PROVIDED DATA ▸
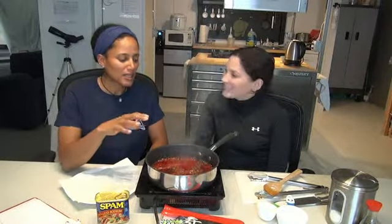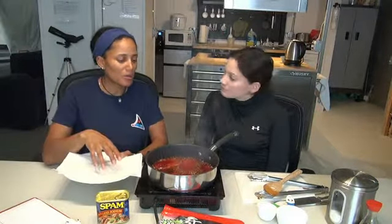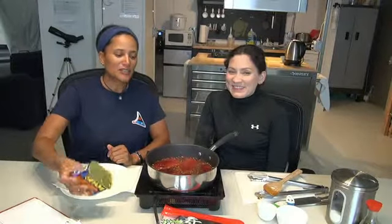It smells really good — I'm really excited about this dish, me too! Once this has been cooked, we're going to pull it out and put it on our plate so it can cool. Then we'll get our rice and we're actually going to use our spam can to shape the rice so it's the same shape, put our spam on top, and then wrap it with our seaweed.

--

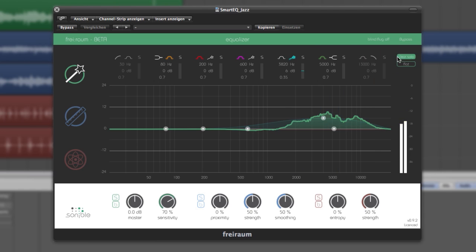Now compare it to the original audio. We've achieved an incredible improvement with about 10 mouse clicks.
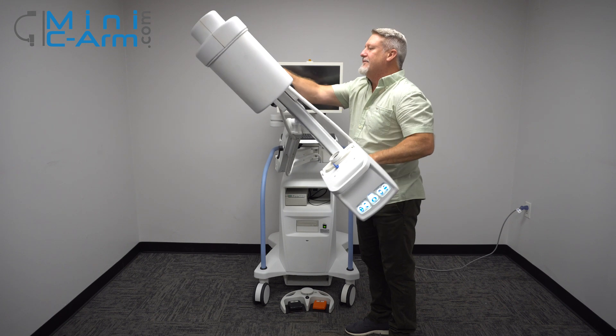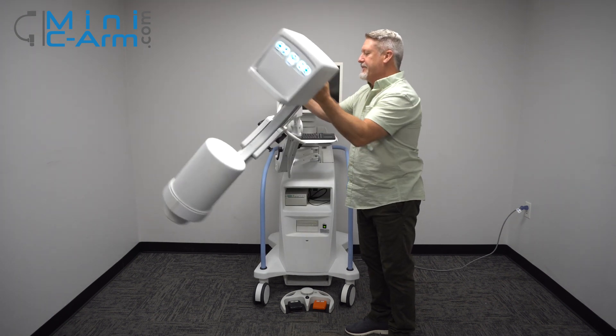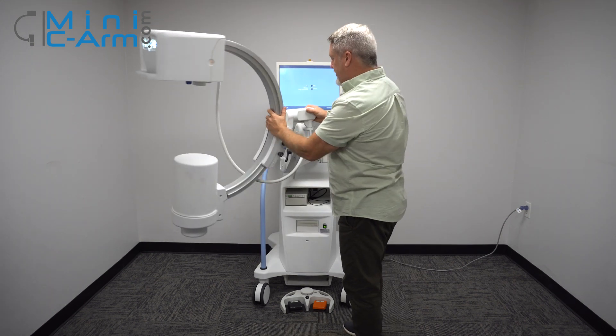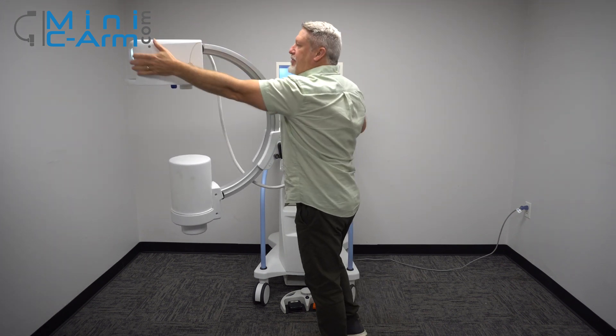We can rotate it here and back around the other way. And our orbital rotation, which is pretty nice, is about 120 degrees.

---

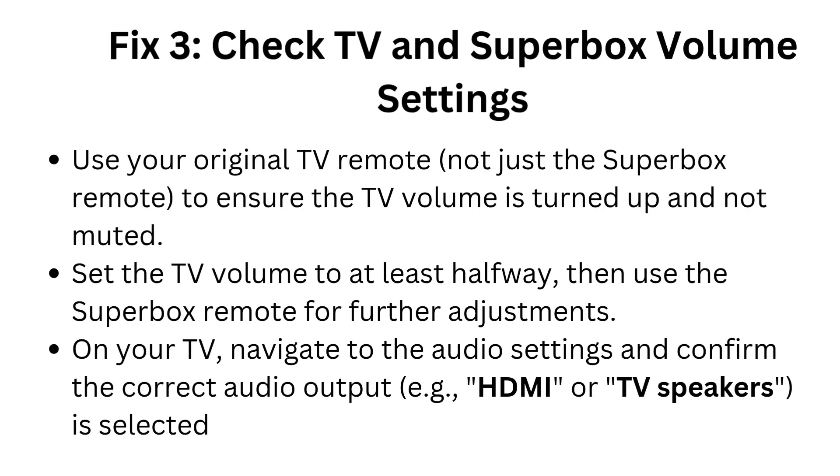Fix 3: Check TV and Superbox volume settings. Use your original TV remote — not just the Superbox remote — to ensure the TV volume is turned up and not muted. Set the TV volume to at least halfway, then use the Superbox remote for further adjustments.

WHAT THIS TASK INVOLVES ▸ Return only the stretch above from the line containing "Now compare it" through the line containing "We can rotate", word for word and without pictures.

FINISHED TASK ▸
Now compare it to the original audio. We've achieved an incredible improvement with about 10 mouse clicks.
We can rotate it here and back around the other way. And our orbital rotation, which is pretty nice, is about 120 degrees.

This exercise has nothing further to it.